Conditional probability

The probability of an event \(A \in \mathcal{F}\) conditioned on (or given) an event \(B \in \mathcal{F}\) is defined as \(\mathbb{P}(A \mid B) = \frac{\mathbb{P}(A, B)}{\mathbb{P}(B)}\). Note that \(\mathbb{P}(A \mid B)\) is undefined if \(\mathbb{P}(B) = 0\).

class ProbabilityMeasure(ProbabilityMeasure):

  def __or__(self, conditions: list[Event]) -> ProbabilityMeasure:
    """Condition the measure on a set of events.

    Parameters
    ----------
    conditions : list[Event]
        The events to condition on.

    Returns
    -------
    ProbabilityMeasure
        A new measure conditioned on the intersection of the events.
    """
    condition = reduce(frozenset.intersection, conditions)

    self._validate_condition(condition)

    measure = {
        event: self(event, condition)/self(condition)
        for event in self._domain.sigma_algebra
    }

    return ProbabilityMeasure(self._domain, measure)

  def _validate_condition(self, condition: Event):
    if condition not in self._domain.sigma_algebra:
      raise ValueError("The conditions must be in the event space.")

    if self._measure[condition] == 0:
      raise ZeroDivisionError("Conditions cannot have probability 0.")

In our running example, the probability that a vowel is high given that it is back is the conditional probability \(\mathbb{P}(H \mid B) = \frac{\mathbb{P}(H, B)}{\mathbb{P}(B)}\).

highness_backness_measure = {
    event: len(event)/len(highness_backness_space.atoms)
    for event in highness_backness_space.sigma_algebra
}

measure_highness_backness = ProbabilityMeasure(
    highness_backness_space,
    highness_backness_measure
)

measure_given_back = measure_highness_backness | [back]

measure_given_back(high)
0.5

From this definition, it immediately follows that \(\mathbb{P}(A, B) = \mathbb{P}(A \mid B)\mathbb{P}(B) = \mathbb{P}(B \mid A)\mathbb{P}(A)\), which in turn implies Bayes’ theorem.

\[\mathbb{P}(A \mid B) = \frac{\mathbb{P}(A, B)}{\mathbb{P}(B)} = \frac{\mathbb{P}(B \mid A)\mathbb{P}(A)}{\mathbb{P}(B)}\]

Bayes’ theorem will be very important in this course.

Another important consequence of the definition of conditional probability is the chain rule:

\[\begin{align*}\mathbb{P}(E_1, E_2, E_3, \ldots, E_N) &= \mathbb{P}(E_1)\mathbb{P}(E_2 \mid E_1)\mathbb{P}(E_3 \mid E_1, E_2)\ldots\mathbb{P}(E_N \mid E_1, E_2, \ldots, E_{N-1})\\ &= \mathbb{P}(E_1)\prod_{i=2}^N \mathbb{P}(E_i\mid E_1, \ldots, E_{i-1})\end{align*}\]

The chain rule will also be very important in this course.

Independence

An event \(A \in \mathcal{F}\) is independent of an event \(B \in \mathcal{F}\) (under \(\mathbb{P}\)) if \(\mathbb{P}(A \mid B) = \mathbb{P}(A)\).
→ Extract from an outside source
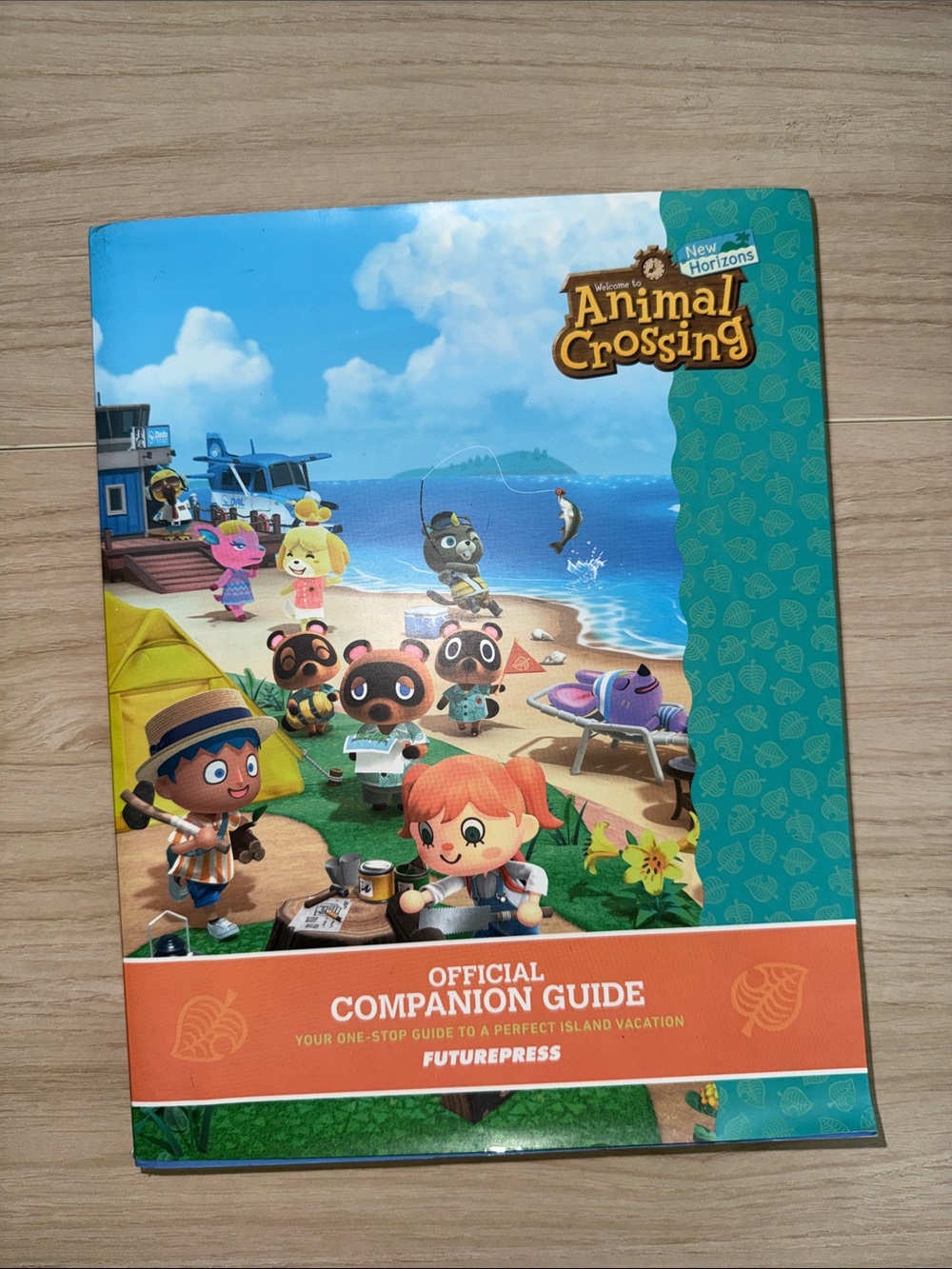 Collectors New Horizons Official Companion Guide - FREE GIFT WITH PURCHASE 🎁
A theoreom that immediately follows from this definition is that \(A\) and \(B\) are independent under \(\mathbb{P}\) if and only if \(\mathbb{P}(A, B) = \mathbb{P}(A \mid B)\mathbb{P}(B) = \mathbb{P}(A)\mathbb{P}(B)\).

class ProbabilityMeasure(ProbabilityMeasure):

  def are_independent(self, *events: Event) -> bool:
    """Check whether events are mutually independent.

    Parameters
    ----------
    *events : Event
        The events to check.

    Returns
    -------
    bool
        True if the joint probability equals the product of marginals.
    """
    self._validate_events(events)

    joint = self(*events)
    product = reduce(lambda x, y: x * y, [self(e) for e in events])

    return joint == product

In our running example of an event space structured by high and back vowels, assuming all vowels are equiprobable, none of the events are independent. In the discrete event space, many events will be independent.

measure_highness_backness = ProbabilityMeasure(
    highness_backness_space,
    {e: len(e)/len(highness_backness_space.atoms)
     for e in highness_backness_space.sigma_algebra}
)

measure_highness_backness.are_independent(frozenset(high), frozenset(back))
False

Note that independence is not the same as mutual exclusivity; indeed, mutually exclusive events are not independent, since \(\mathbb{P}(A \mid B) = \frac{\mathbb{P}(A, B)}{\mathbb{P}(B)} = \frac{0}{\mathbb{P}(B)} = 0\) (or is undefined if \(\mathbb{P}(B) = 0\)) regardless of \(\mathbb{P}(A)\), and therefore either \(\mathbb{P}(A \mid B)\) does not equal \(\mathbb{P}(A)\) or \(\mathbb{P}(B \mid A)\) is undefined (because \(\mathbb{P}(A) = 0\)), even when \(\mathbb{P}(B)\) is.